In this context, `token-fuzz-rs`:

- Builds a compact MinHash-based index once.
- Answers subsequent queries very quickly.
- Can outperform general-purpose libraries by **multiple orders of magnitude** on large token-based workloads.

**Use RapidFuzz when:**

- Your corpus is **small or medium-sized**.
- You don’t have an expensive one-off index build step.
- You need a rich set of similarity metrics and utilities.
- You prefer a pure-Python / standard C-extension workflow and broader feature set.

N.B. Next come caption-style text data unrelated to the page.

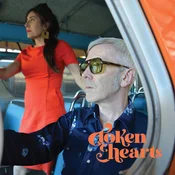 Token Hearts - Token Hearts (LP)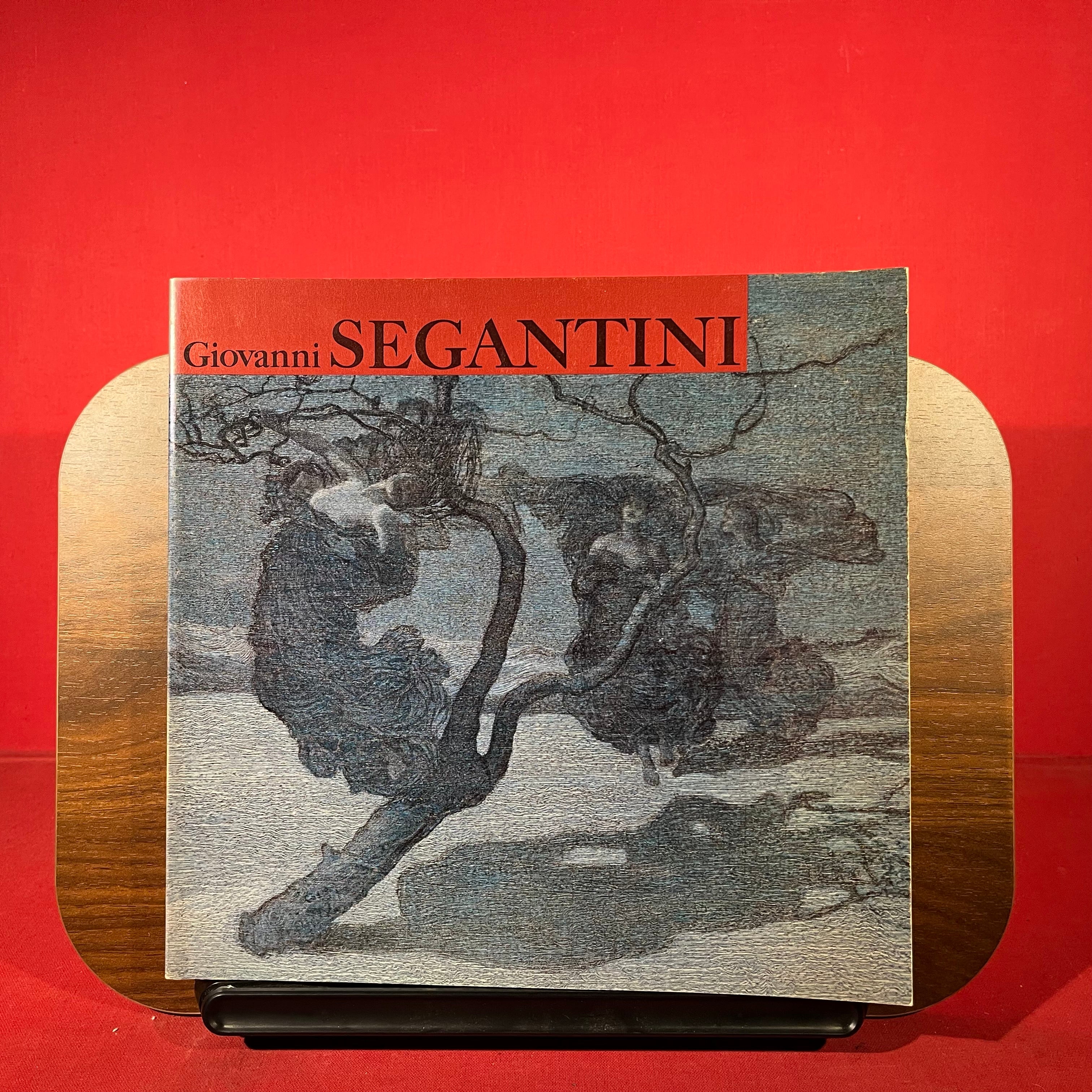 Giovanni Segantini, exh. cat. Museum of Modern Art, Hyogo, Japan, 1978
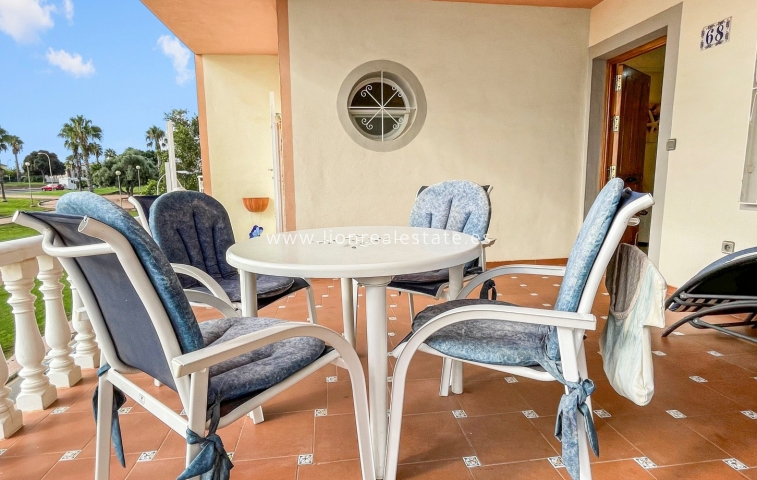 Перепродажа - Квартира / квартира - Orihuela Costa - Los Altos *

`token-fuzz-rs` is intentionally focused and minimal: one main type (`TokenFuzzer`) and one main operation (`match_closest`).

---

## API Reference

### Class: `TokenFuzzer`

#### Constructor

```python
TokenFuzzer(strings: list[str]) -> TokenFuzzer
```

Builds an index over the provided list of strings.

- `strings`: list of strings to match against (the “corpus”).
- Internally, computes MinHash-style signatures for each string (one-time cost).

#### Methods

```python
match_closest(self, s: str) -> str
```

Returns the closest-matching string from the original corpus.

- `s`: query string.
- Returns: a single string – the best match from the corpus.
- Raises: `ValueError` if the corpus was empty at construction time.

---

## How It Works (High Level)

- Strings are treated as byte sequences.
- For each position in the string, the library builds short byte tokens (up to 8 bytes).
- Each token is hashed with multiple independent hash functions based on SplitMix64.
- For each hash function, the minimum hash value seen over all tokens becomes one element of a **MinHash signature**.
- Similarity between two strings is approximated by the fraction of equal entries in their signatures.
- `match_closest`:
  1. Computes the MinHash signature for the query string.
  2. Compares it against all precomputed signatures in the corpus.
  3. Returns the string with the highest similarity score.

This design:

- Exploits **token overlap** rather than pure character-level edit distance.
- Allows fast, approximate similarity search once signatures are precomputed.
- Scales well to large, static corpora with many queries.

---

## Notes & Limitations

- Similarity is **approximate** (MinHash-based), not exact edit distance.
- Matching is 1-to-N: it returns only the **single best match**.
- The index is **immutable** after construction; to add or remove strings, build a new `TokenFuzzer`.
- The library is intended to be used from Python; the Rust code is an internal implementation detail.

---

## License

This project is licensed under the **MIT License**.
Feel free to use it, make small PRs, or open issues to make feature requests.